Voters trying to understand the various positions being advocated for the Canada Pension Plan have every reason to be confused.

The initial incarnation of CPP required only 3.6% of pensionable earnings as contributions, and provided benefits to people well before they had been earned. This was eventually repaired in the nineties; otherwise, the plan would have gone broke.

Today’s CPP provides a pension at 65 of up to $12,780, for which employees and employers annually contribute a combined 9.9% of pensionable earnings. It is simple and cost-effective, but even when combined with Old Age Security (OAS) it does not provide an adequate pension.

After fruitless discussions with the federal government, Ontario proposes to go it alone. Details are not yet finalized and the scheduled start is not until 2017, no doubt reflecting a hope that federal policy will change and save them the trouble. Ontario’s plan, mandatory only for those not already in a pension plan, would require a worker to contribute for 40 years in order to receive an unreduced benefit. The only examples provided on the Ontario website are for employees who work the full 40 eligible years.

The Canadian Labour Congress (CLC) has one of the many proposals to increase the existing CPP. The CLC loves to quote a 2014 Nanos survey in which 88% of Canadians support “increasing the benefits Canadians receive through the Canadian Pension Plan.” Of course the survey does not mention the corresponding need for a substantial increase in contributions, nor the 40 year wait for unreduced benefits. (The same survey makes the shocking discovery that most Canadians would like lower taxes.)

The strongest support for improving benefits was from the oldest respondents, who would get only small benefit from the CLC proposal. There is one group who should actively oppose it. Low income workers are typically able to receive the Guaranteed Income Supplement when they retire, in addition to OAS and a small pension from the present CPP program.

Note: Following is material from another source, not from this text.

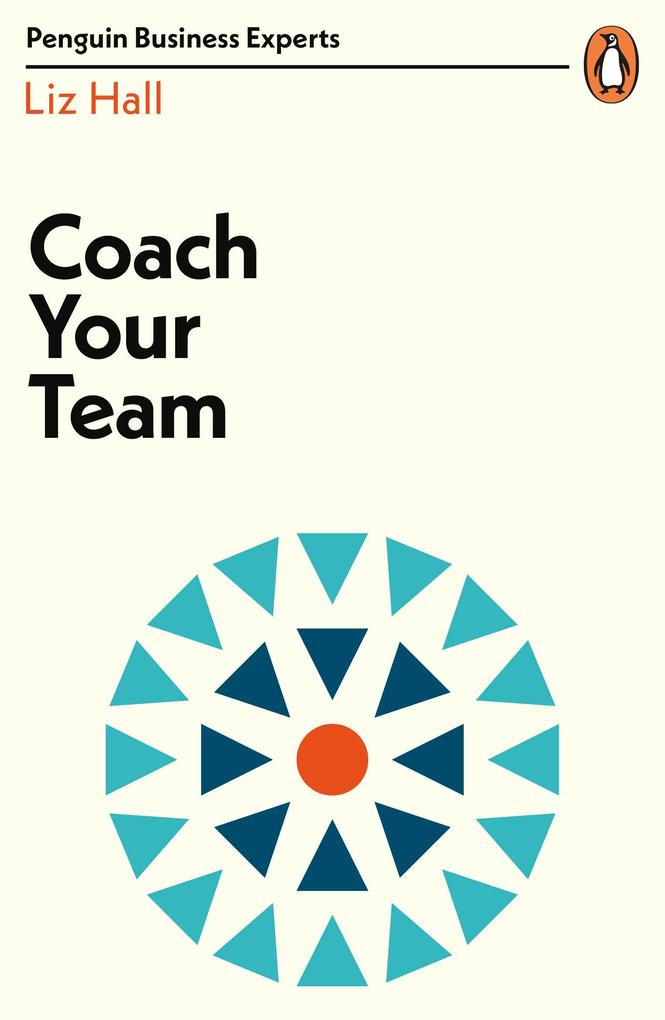 Coach Your Team - Liz Hall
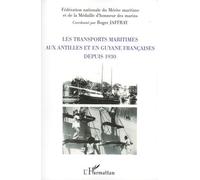 Les transports maritimes aux Antilles et en Guyane française - Annelise Garzuel - L'harmattan - broché - Essai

An increase in CPP will be largely offset by reductions in GIS. This needy group will be paying something for nothing.

As a result, some proposals for reform, otherwise similar to that of the CLC, do not require contributions or provide benefits on earnings below $25,200. These proposals have considerable merit as a cost-effective and comprehensive improvement to retirement savings for Canadians. 

But that virtue will be much clearer to actuaries and economists than to voters. Most Canadians, given a clear and detailed understanding of proposed changes, would be much more tepid in their enthusiasm for a program that takes so long to mature.

Hence, the rather vague communications from the three political parties. One can search their websites in vain for any indication of what they have in mind.

The Conservatives have argued, incorrectly, that CPP contributions are just another tax. Unlike unemployment insurance, the CPP funds have for five decades been operated entirely outside of government accounts and are only used to pay CPP beneficiaries. Having been opposed to any change, the Conservatives now say that they are willing to consult Canadians about a possible optional program.

How that might work is anyone’s guess. It appears to be just creating a different RRSP opportunity. Are there limits on how much can be contributed? Is it optional for employers too? Are contributions locked in until retirement as is the case for the base plan? This “plan” does not offer much.

The Liberals favour a mandatory program. Liberal Critic for Seniors John McCallum points out that changes would require the agreement of two thirds of provinces with two thirds of the population, so an agreement would have to be negotiated. Their position would tilt toward a large amount of excluded earnings to protect low income earners. Good.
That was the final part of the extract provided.